中に何をいれてどうするかなどを伝えると伊津根は、そのように、と答えて猛スピードで宮を出て行った。なんかあいつの目がキラキラしてたな…
「ともかく紙か…そーいやこの服、麻だよな…いけるかも?」
と言って、適当な数の麻クズを集め、釜で煮て、繊維取り出して軽くすいてみた。
「…物足りないけどとりあえずいいか。あとは鉄か…オモイカネさん」
「ん?なんじゃ?」
僕はオモイカネがどっかいるかな程度の感覚で名前を呼んだらまさか背後から出てきたので驚いた。ま、まぁいい。

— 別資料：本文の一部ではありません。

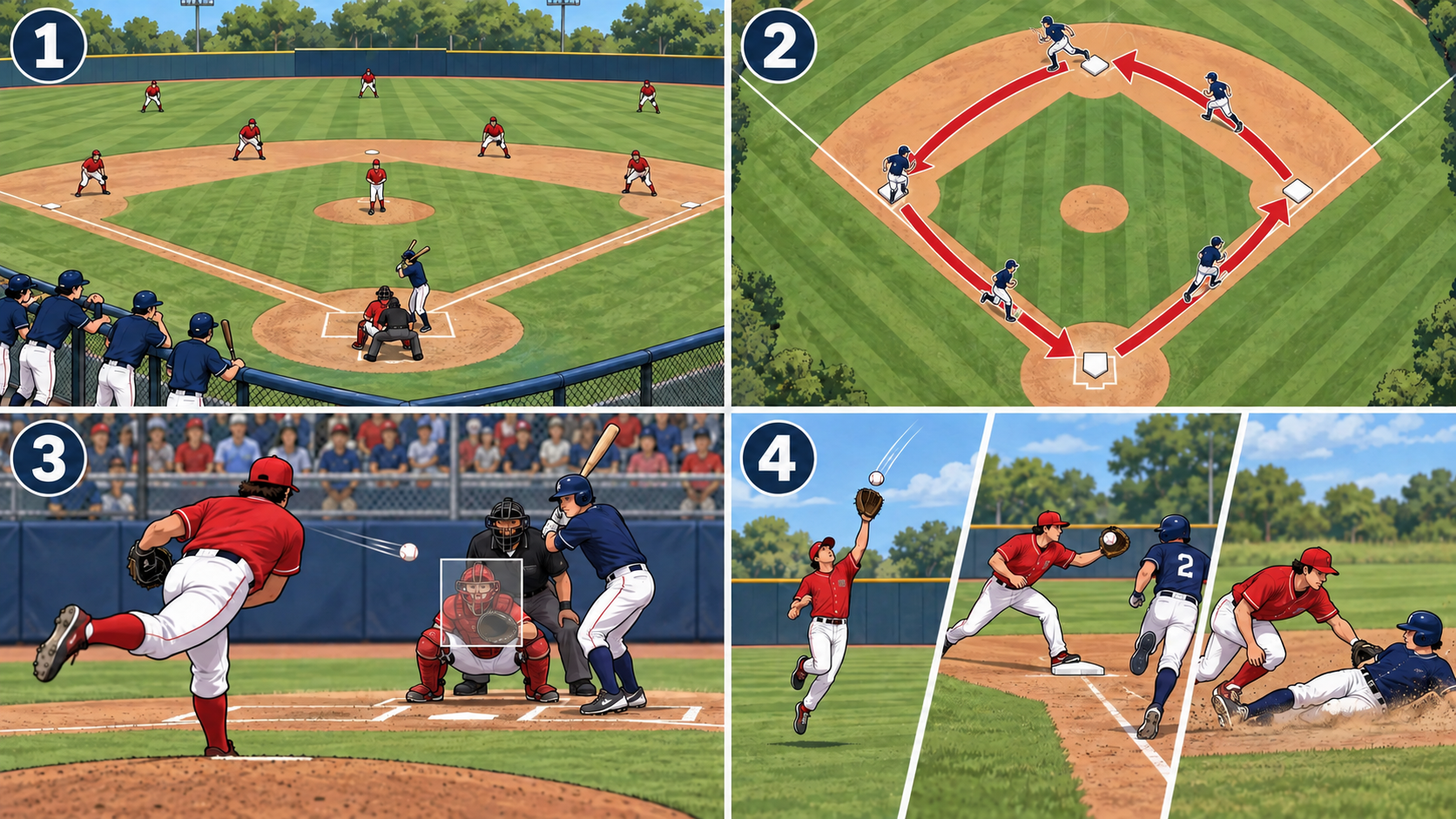 Baseball einfach erklärt: neun Feldspieler, richtige Laufrichtung, Pitcher gegen Batter und drei Möglichkeiten für ein Out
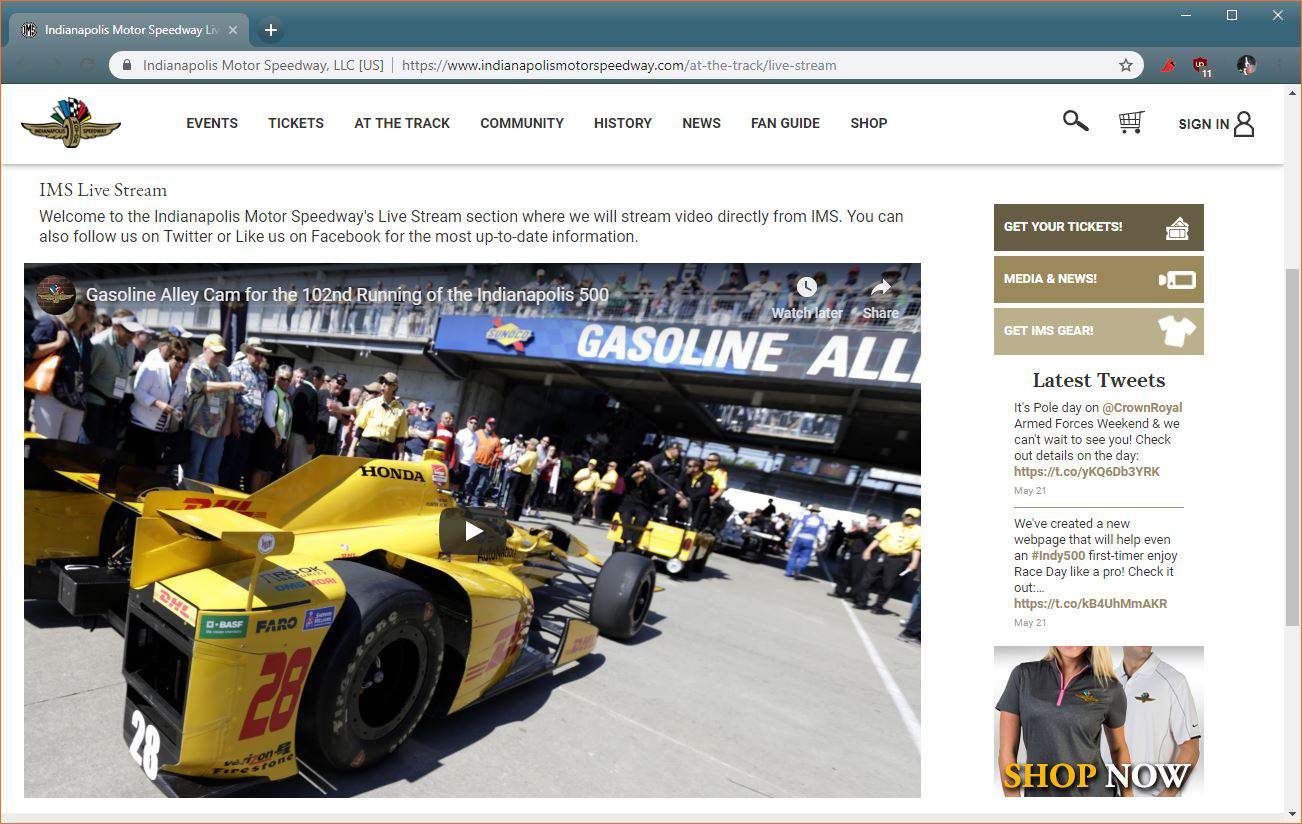 Скриншот официального IMS Live Stream из Indy 500.
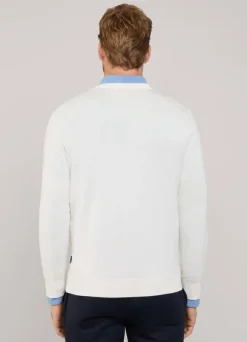 embroidered bird crew neck jumper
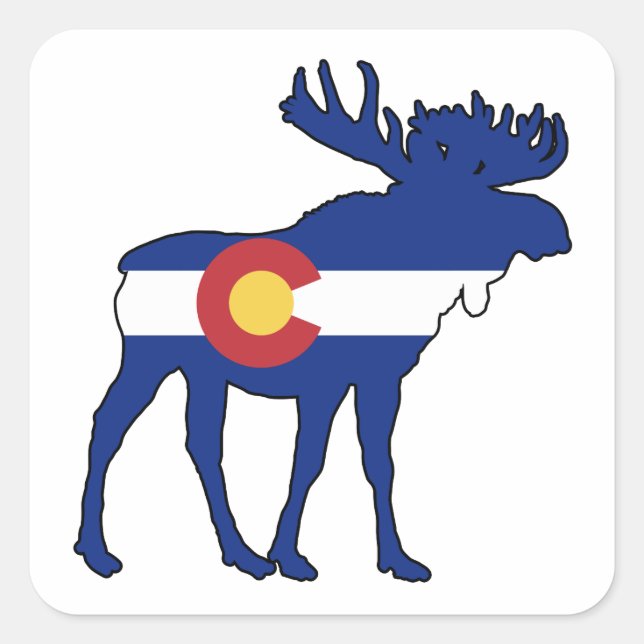 Adesivo Quadrado Colorado Flag Moose (Frente)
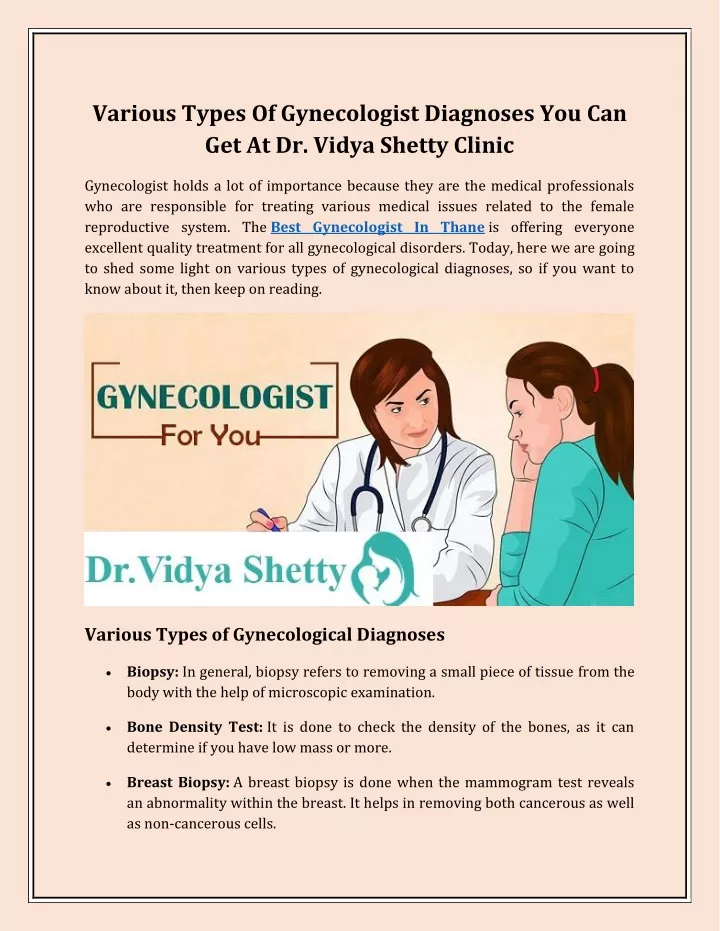 various types of gynecologist diagnoses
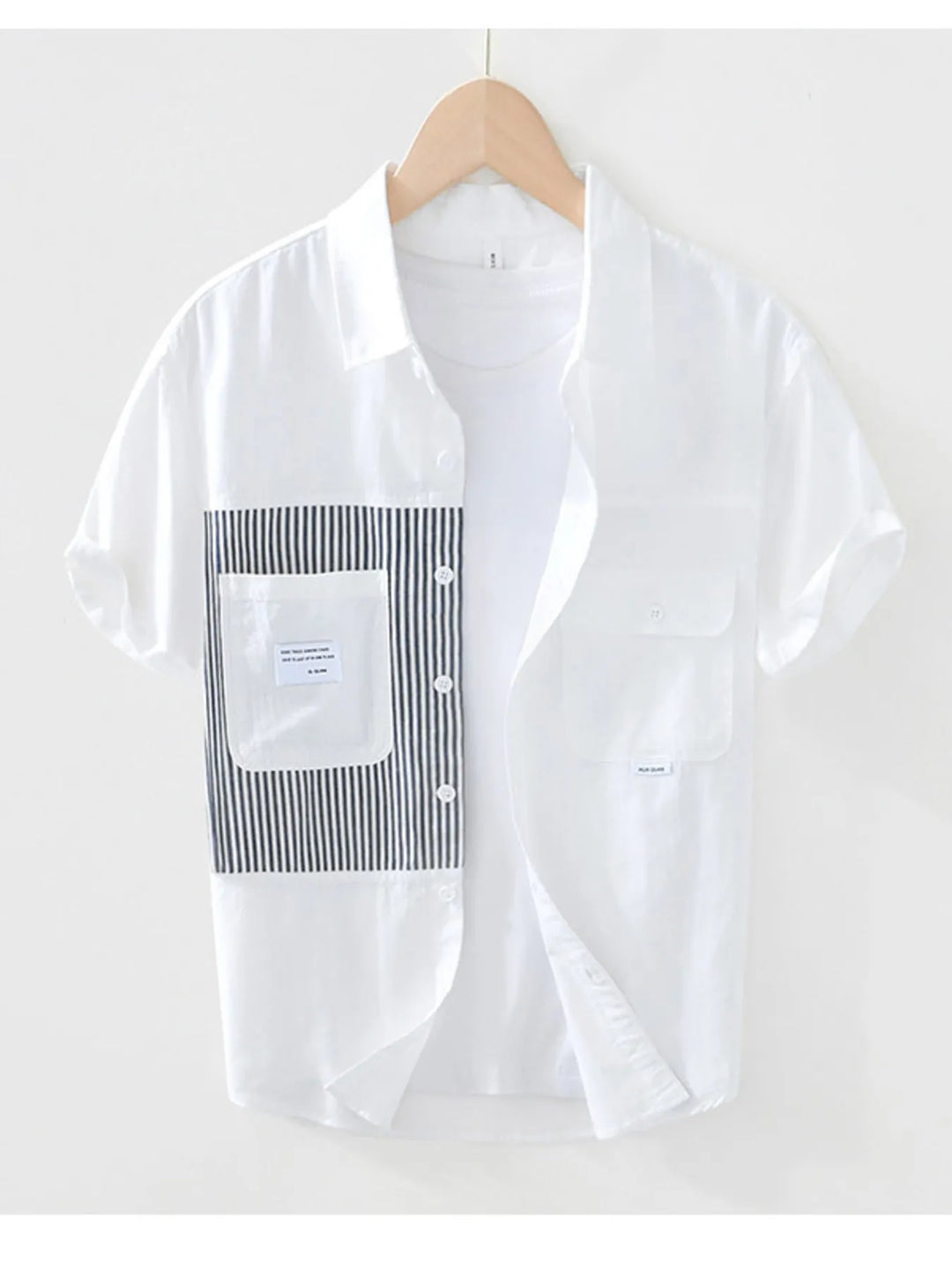 Men's Striped Button Front Short Sleeve Shirt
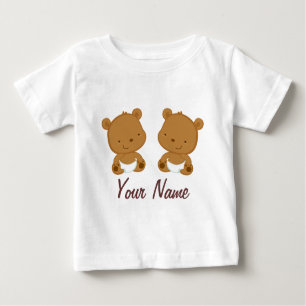 Camiseta De Bebé Regalo personalizado oso gemelo del bebé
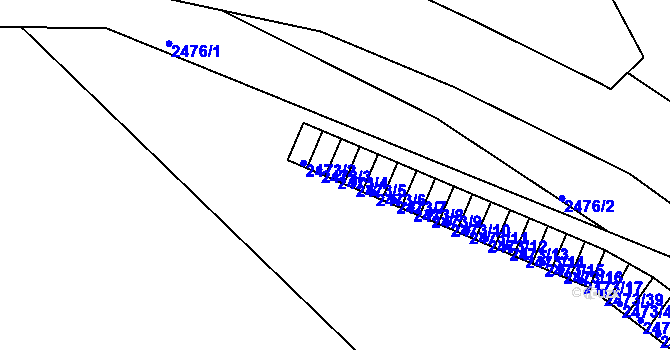 Parcela st. 2473/4 v KÚ Kadaň, Katastrální mapa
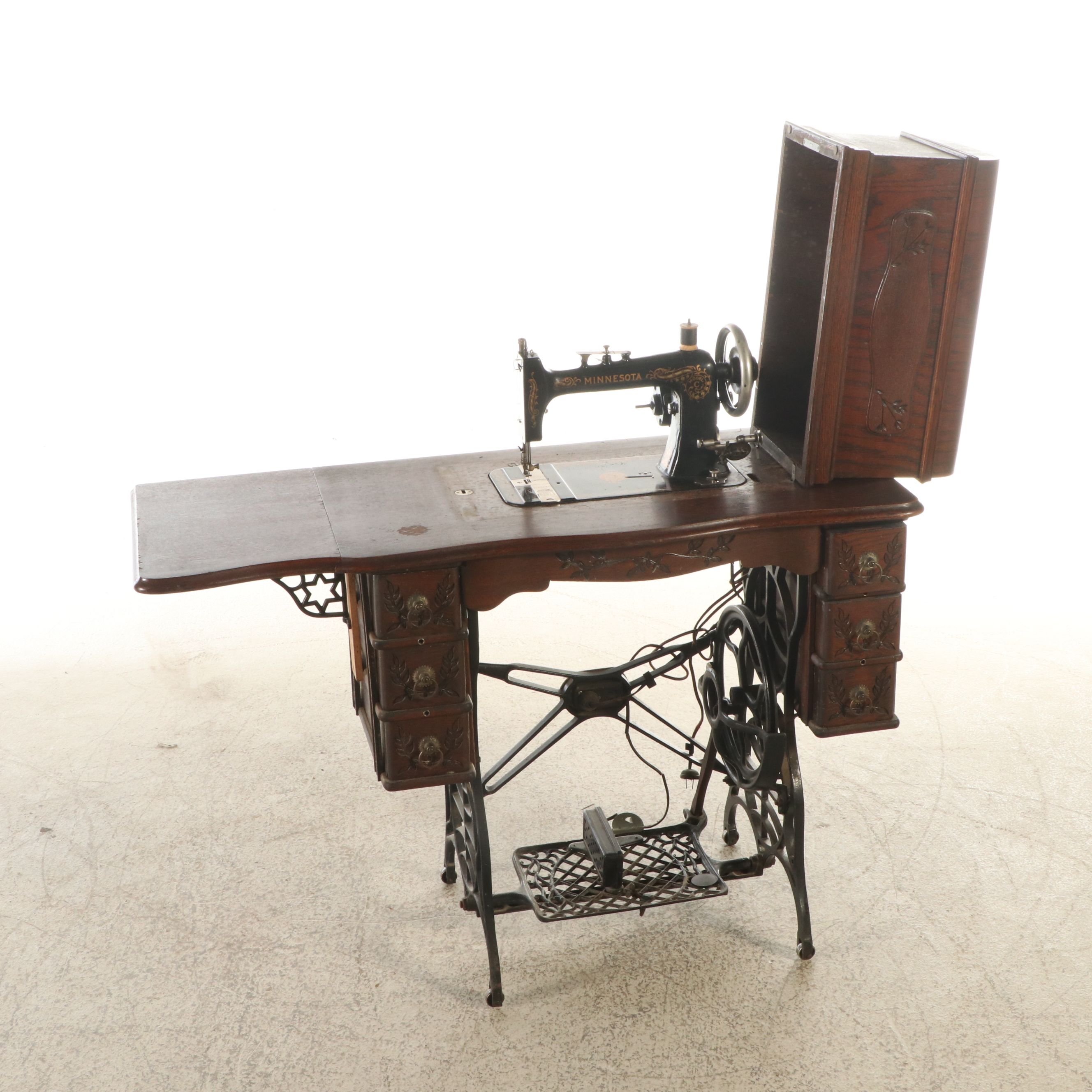 Antique Minnesota Sewing Machine in Oak Table and More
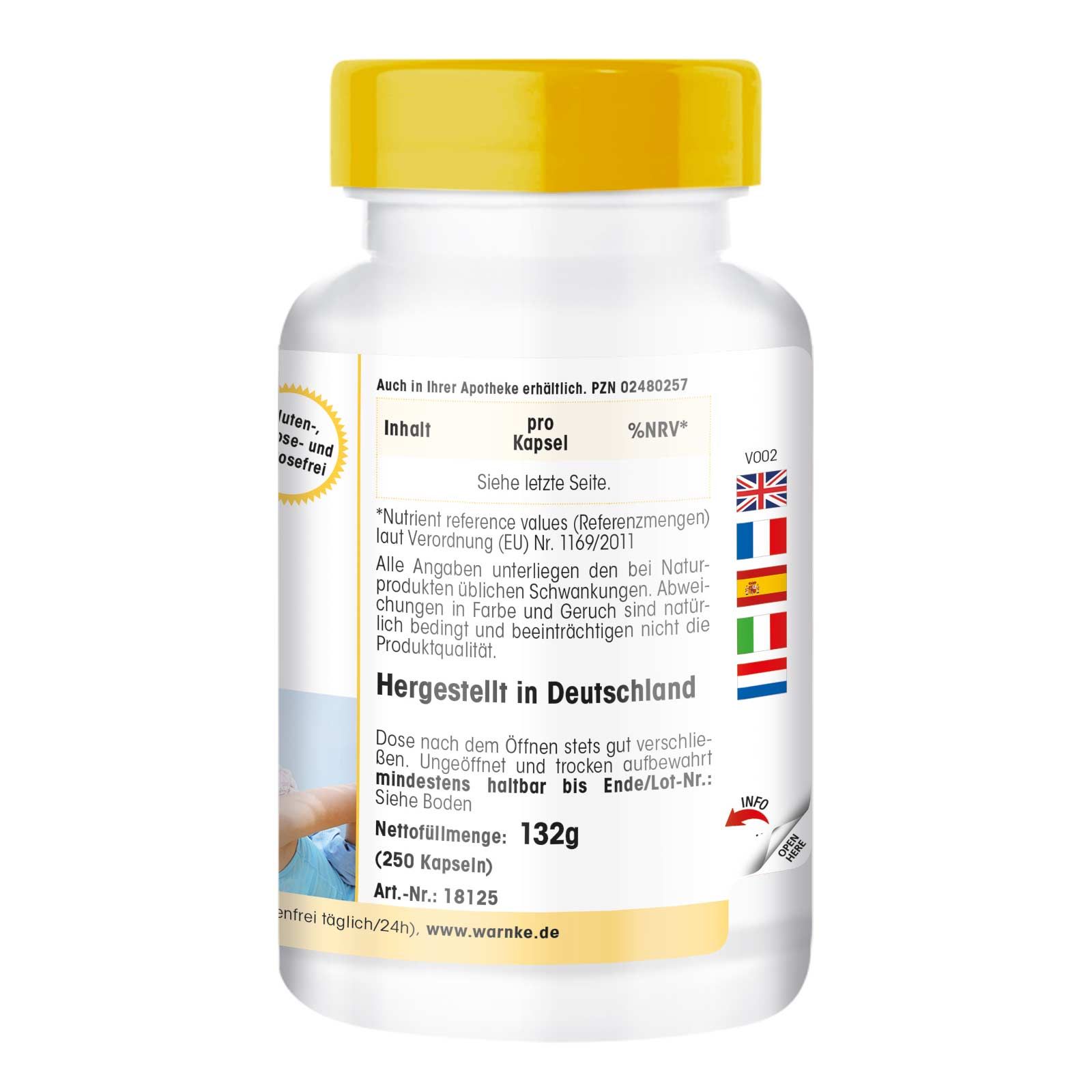 Achterkant van de fles. Tekst: inhoud, per %RV, gemaakt in Duitsland. Nettogewicht: 132g (250 capsules).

「製鉄、というか金属全般の精錬を行いたいんですが、確か金属繋がりで金山彦って神様いましたよね?呼ぶことってできますか?」
「お前、金山彦を知っとるのか。最近はあんまり祀られんからしょんぼりしとるとは思うが…呼び出せんことは無いぞ。まっちょれ」
そう言ってオモイカネは虚空に向かって話し出す。
「そーそー、金さん。ほんじゃたのんます…すぐるぞ」
え、そんなすぐ来るモンなの…
「ま、元気はええことじゃ」
神様が言うか…
「うーいじーさんいるかー?」
⁈誰やねん!なにこの風土に合わん金髪の鬼…
「誰とは失礼な!俺こそが金属の神様!金山彦であーる!崇めやがれこの野郎!」
「フランクすぎんわ!見ろ、衛兵が気絶してるぞ!大丈夫か!」
んあーと金山彦はボリボリ頭をかいて面倒そうな顔をする。
「なぁじーさん…こんなんで大丈夫なのかよ?」
「まぁ、お主が思うよりは真面目じゃろ」
そう言ってオモイカネは僕の作った紙に目をやった。
思うよりって…思うよりって…
「ま、俺っちが来たからには金属はおまかせよ!」
あ、さいですか…
「なら、現状の溶鉱炉よりもさらに高性能な炉の作り方を教えてください」
「あーそんなことか…わかった。紙と筆は?」
「紙は一枚しかありませんがこれを。あと筆です」
はいはいどうもーっと金さんこと、金山彦はスラスラと図を描く。
「とりあえずこれ作ればなんとかなんだろ。あと…お前なに作る気?ここまで加工できりゃあ金属はいくらでも薄くできる。で、ズバリその先は?」
おや、勘が鋭い。まぁいいか。
「まだお話しできません。完全に固まってませんから」
あっそ。と金山彦はアッサリ退いた。
こいつはこいつで一応神様なんだなあとは思う。一応仕事はしてるし。